Reisner is strong on this, saying: “There are some political challenges in relation to the decision to reduce the scale of the IRP. For both the public and industry, it potentially flags up concerns about other planned areas of investment and whether these will go ahead as expected.” He adds that the industry will need the government to demonstrate its continuing support for levelling up, while progressing with those schemes that are in the IRP, in order to feel certain in the pipeline that is being promised.
On this point Paul Robinson, Gleeds UK rail lead, says that the delay to the publication of the plan for rail investment in the North and Midlands has done irrevocable damage to public confidence in whether schemes will ever be delivered when they are promised.
“The continued delays have done nothing but create uncertainty, leading to widespread and damaging speculation about the fate of schemes like HS2, Northern Powerhouse Rail and the Midlands Rail Hub.”
He adds that the continual adjustments to funding, priorities and over-arching policy in recent years has created inefficiencies and cost the taxpayer millions while delivering very little. “While the IRP does at least provide some direction, it is not the ‘infrastructure revolution for this country’ that Boris Johnson claimed would be coming.”
Robinson adds that, while he is not altogether surprised, it is jarring to see the government has taken a backward step when it comes to Northern Powerhouse Rail as that is symptomatic of a broader issue – the government’s inability or unwillingness to commit spend to big infrastructure projects in the regions.
“He himself [Johnson] said that now was the time to invest in Northern Powerhouse Rail, so I am disappointed, although not entirely surprised, to see that the scheme has been drastically watered down. We fully support the notion of devolved investment but it is important that words translate into action. The NPR represented a real opportunity to support the delivery of the levelling up agenda by connecting the major economic centres of the North.”

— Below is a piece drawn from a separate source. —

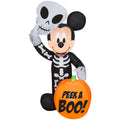 Haunt & Co Airblown Inflatables 4FT Tall Halloween Inflatable Disney Mickey Mouse with Pumpkin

Integrated Rail Plan key points
- HS2 from Crewe to Manchester
- HS2 from West Midlands to East Midlands Parkway
- New high-speed Northern Powerhouse Rail line between Warrington, Manchester and Yorkshire
- Full electrification and upgrade to TransPennine line between Manchester, Leeds and York
- Full electrification and upgrade to Midland Main Line between London, the East Midlands and Sheffield
- Upgrade of East Coast Main Line
- Improve local services and integrate them with HS2 and Northern Powerhouse Rail
In his response to the IRP, which was based on the National Infrastructure Commission’s Rail Needs Assessment, the organisation’s chair, Sir John Armitt, said it was “sensible” that the IRP took an adaptive approach, “setting out a core pipeline of investment that should speed up delivery of benefits for communities and businesses”. But he does recognise the importance of connecting the regional hubs of Sheffield, Leeds, Hull and Bradford, saying these are “the kind of regional links likely to enhance economic benefits”.
Hinchcliffe is sceptical that those coming up with the plan have thought about the significance of adding cities like Bradford to a mainline rail route – or in fact the significance of not adding them. “I truly believe in levelling up, and I think that means investing in infrastructure in places that did not have those champions before. And Bradford deserves the better future that it was promised.”
“We will achieve the growth that we are planning, but it will take longer unless the government changes its mind,” says Hinchcliffe. “And I expect the government to change its mind because I am going to lobby to make sure they do, and I am not alone.”
So, while the government has announced its plan, it does not seem that either industry or those in charge of the region at a local level are willing to concede all that it will cost.